Proverbs 3:5, 6 "Trust in the Lord with all thine heart, and lean not unto thine own understanding. In all thy ways acknowledge him, and he shall direct thy paths."
1 John 2:16 "For all that is in the world, the lust of the flesh, and the lust of the eyes, and the pride of life, is not of the Father, but is of the world."
Three Paradigms.
The three paradigms, ways of feeling, thinking, acting, toward self, toward others, toward the world, and toward authority.

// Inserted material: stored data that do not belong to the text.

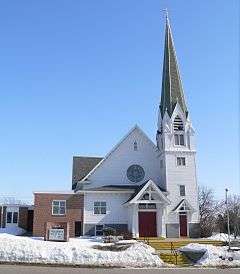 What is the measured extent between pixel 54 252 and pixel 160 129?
26890 mm

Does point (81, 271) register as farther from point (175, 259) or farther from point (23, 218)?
point (23, 218)

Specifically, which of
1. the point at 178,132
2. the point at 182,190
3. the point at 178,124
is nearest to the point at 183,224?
the point at 182,190

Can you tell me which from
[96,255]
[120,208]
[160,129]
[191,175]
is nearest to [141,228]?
[120,208]

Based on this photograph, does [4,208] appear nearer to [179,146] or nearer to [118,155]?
[118,155]

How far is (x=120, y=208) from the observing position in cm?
4412

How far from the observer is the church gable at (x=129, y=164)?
4556cm

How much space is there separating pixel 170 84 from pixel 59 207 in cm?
1860

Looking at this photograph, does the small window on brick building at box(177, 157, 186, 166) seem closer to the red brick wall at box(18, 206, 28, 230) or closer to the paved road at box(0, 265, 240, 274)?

Patriarch, Matriarch, and Heresiarch.
Patriarchal paradigm = dialogue (what the child or children want to have or do) is subject to discussion (to what the Father says, with the Father having the final say).
Matriarchal paradigm = when it comes to what the child or children want to have or want to do, that the father disagrees with, dialogue (the mother, sympathetic to the child's or children's feelings siding with the child or children) and discussion (the wife, submitting to her husband's authority holding the child or children to doing what their father, her husband says) are conflicted (either the father holds to his position with the child or children and possibly wife being upset with him or he yields, submits, or abdicates to his wife's, the child's or children's mother's feelings).

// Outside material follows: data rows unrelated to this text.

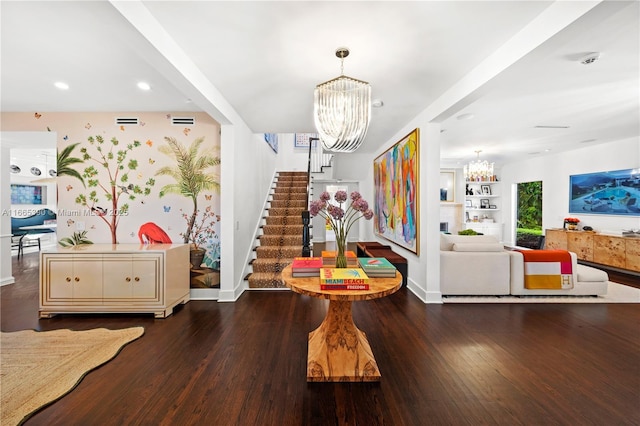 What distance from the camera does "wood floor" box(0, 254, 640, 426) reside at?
5.82ft

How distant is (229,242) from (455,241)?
11.4 ft

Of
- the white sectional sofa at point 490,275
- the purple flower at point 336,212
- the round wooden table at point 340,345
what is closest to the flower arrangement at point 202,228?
the round wooden table at point 340,345

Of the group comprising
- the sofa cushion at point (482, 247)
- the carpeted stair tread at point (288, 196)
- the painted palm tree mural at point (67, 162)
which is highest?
the painted palm tree mural at point (67, 162)

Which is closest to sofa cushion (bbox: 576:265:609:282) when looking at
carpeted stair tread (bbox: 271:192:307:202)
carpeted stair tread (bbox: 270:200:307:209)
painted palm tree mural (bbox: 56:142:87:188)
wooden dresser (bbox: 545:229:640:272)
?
wooden dresser (bbox: 545:229:640:272)

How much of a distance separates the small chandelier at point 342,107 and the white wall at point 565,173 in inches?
272

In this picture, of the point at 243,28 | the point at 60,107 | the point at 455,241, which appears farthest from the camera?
the point at 455,241

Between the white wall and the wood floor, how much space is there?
3955 millimetres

Heresarchal paradigm = discussion (right and wrong behavior) is subject to dialogue (to what the childen want to have or do, with right being the children getting what they want to have or doing what they want to do, wrong being anyone getting in the way of what they want to have or do) = negating (distroying) the Father's authority ("washing" the Father's authority from the mind of the children, with what the children want, "group think" and the facilitator of 'change,' the serpent in the garden in Eden having taken his place, removing everyone who gets in their way, including the unborn, the elderly, the innocent, the righteous without having a guilty conscience, without having any remorse).